Dans cette perspective, chacun gagne sa place assignée suivant l’ordre
prescrit, sans souci d’une statue portant le flambeau de la Liberté.
Quel
séisme intellectuel s’il existait une véritable liberté d’expression, qui
rendrait public ce qu’entendent et voient Shaimaa Al Sabbagh dans le rôle de
Shéhérazade, et sous les traits de Léo Ferré l’aède continuant de pianoter, pendant
que devant le club attablé prend la parole Kapitotal… Lagarde :
Je déclare ouverte la Conférence de Paix pour un monde juste, où régneront nos
valeurs occidentales. Permettez-moi, comme Française, de revenir sur le bal
tragique de Charlie-Hebdo, le 7 janvier dernier.

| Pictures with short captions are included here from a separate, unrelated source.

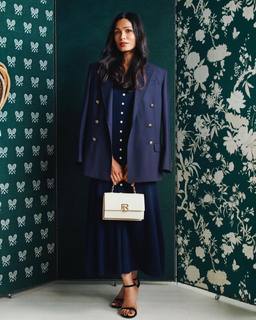 Freida Pinto feet photo thumbnail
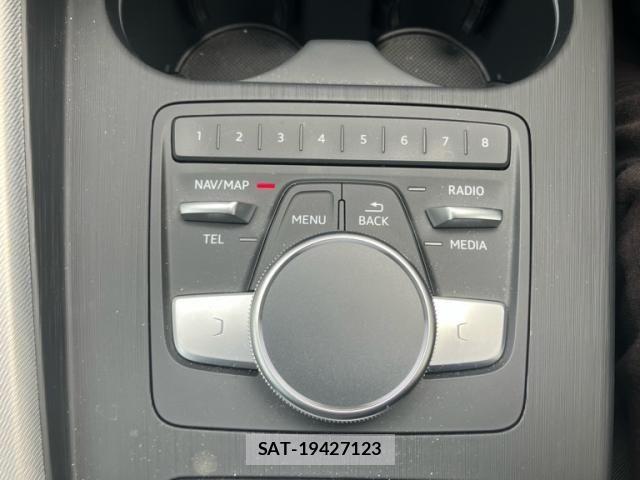 Audi A4 2019-08 8334905-25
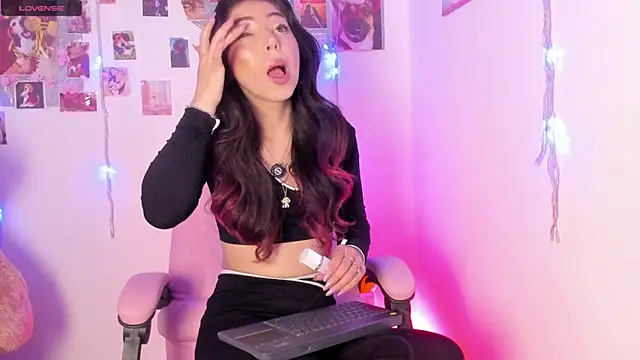 natalie jaensen online show from April 2026 04:28:02 AM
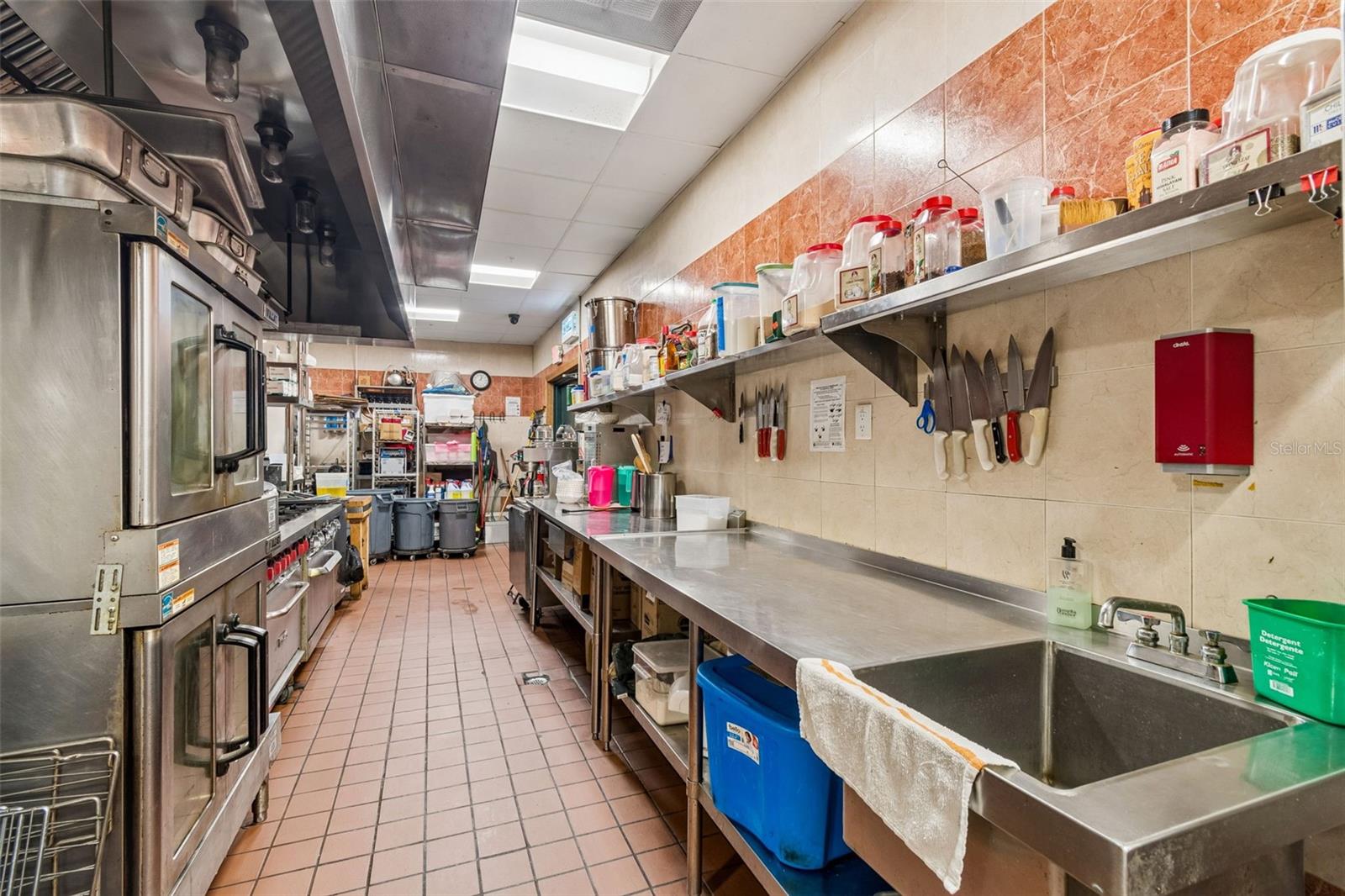 COMMERCIAL WAY COMMONS - Commercial Sale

Ce matin-là, le
quotidien Les Echos – qui appartient à notre ami Bernard Arnault –
publiait la proclamation du ministre Emmanuel Macron : « Les
jeunes français doivent avoir envie de devenir milliardaires ». Ne
s’est-il pas trouvé, jusque dans son propre parti, de vils esprits attardés pour
chahuter cette phrase que n’eût pas reniée Jean Jaurès ? Et ils accusent
le ministre d’avoir fait sa fortune à la banque Rothschild ! Nous croyons qu’un
tel programme devrait être celui des jeunes dans le monde entier…
Erdogan : Notre système international n’existe que par la loi du plus fort.
Ceux qui dominent ont déclaré la guerre au monde et l’ont gagnée. Il y a cent ans,
l’Empire ottoman était puissant. Il fut vaincu par l’Occident, et toutes les
pourritures en Orient viennent du découpage de son cadavre. C’est le point de
départ de notre appui à l’Etat islamique et au djihad. Nous aussi pouvons gérer
une divinité à laquelle nous ne croyons pas !
Salman Al Saoud : La Péninsule arabique est devenue centre de gravité de l’idolâtrie
du marché. Toutes nos capitales rivalisent pour ériger la plus haute tour du monde.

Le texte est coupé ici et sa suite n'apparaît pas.